Work to complete —
Using the data below, transcribe exactly everything from the line that contains "Zombies in Western" down to the line that contains "Arlon Series 2100". Include both of those lines and none of the pictures.

Data for review —
◆ ◆ ◆

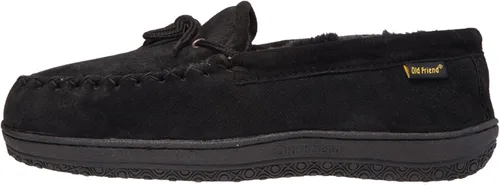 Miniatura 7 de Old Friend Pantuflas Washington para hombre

◆ ◆ ◆

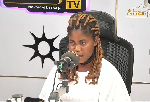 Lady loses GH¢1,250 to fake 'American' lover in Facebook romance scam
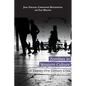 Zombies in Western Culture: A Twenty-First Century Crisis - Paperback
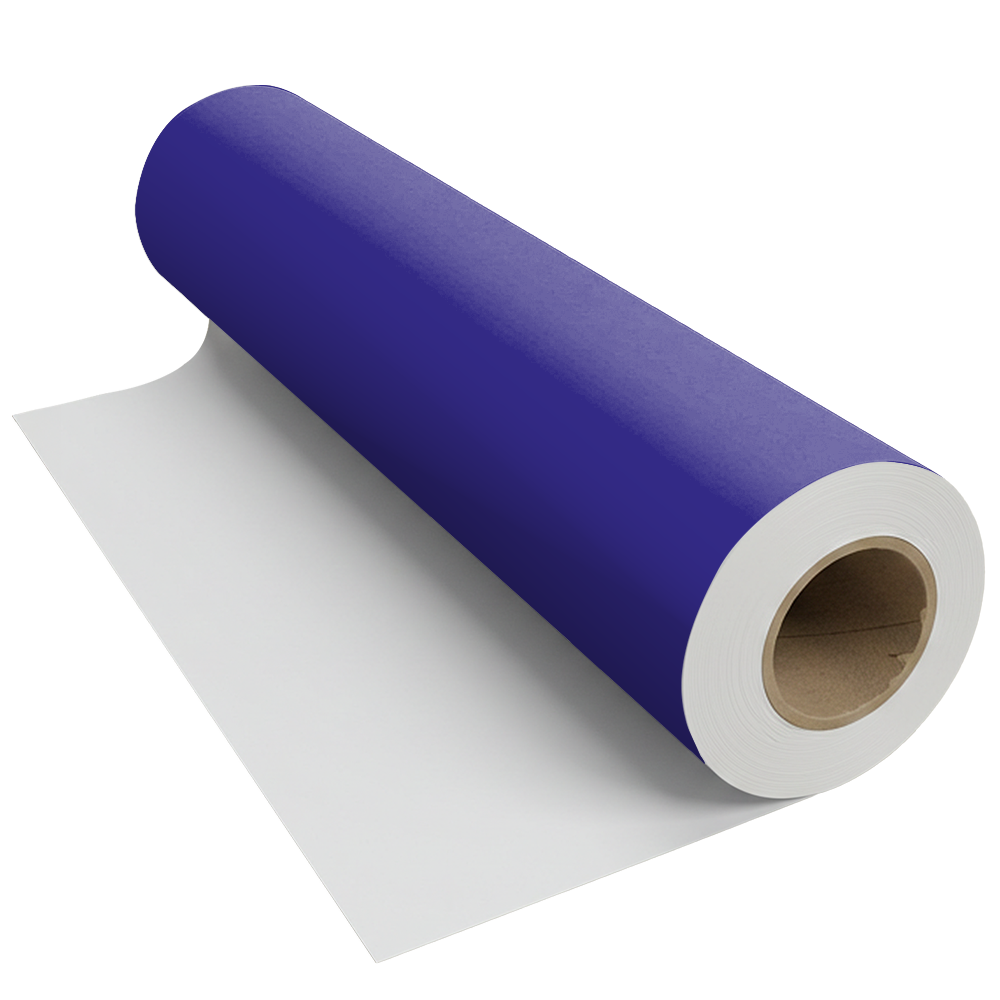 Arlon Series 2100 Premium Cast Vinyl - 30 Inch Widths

◆ ◆ ◆

Exercise response —
 Zombies in Western Culture: A Twenty-First Century Crisis - Paperback
 Arlon Series 2100 Premium Cast Vinyl - 30 Inch Widths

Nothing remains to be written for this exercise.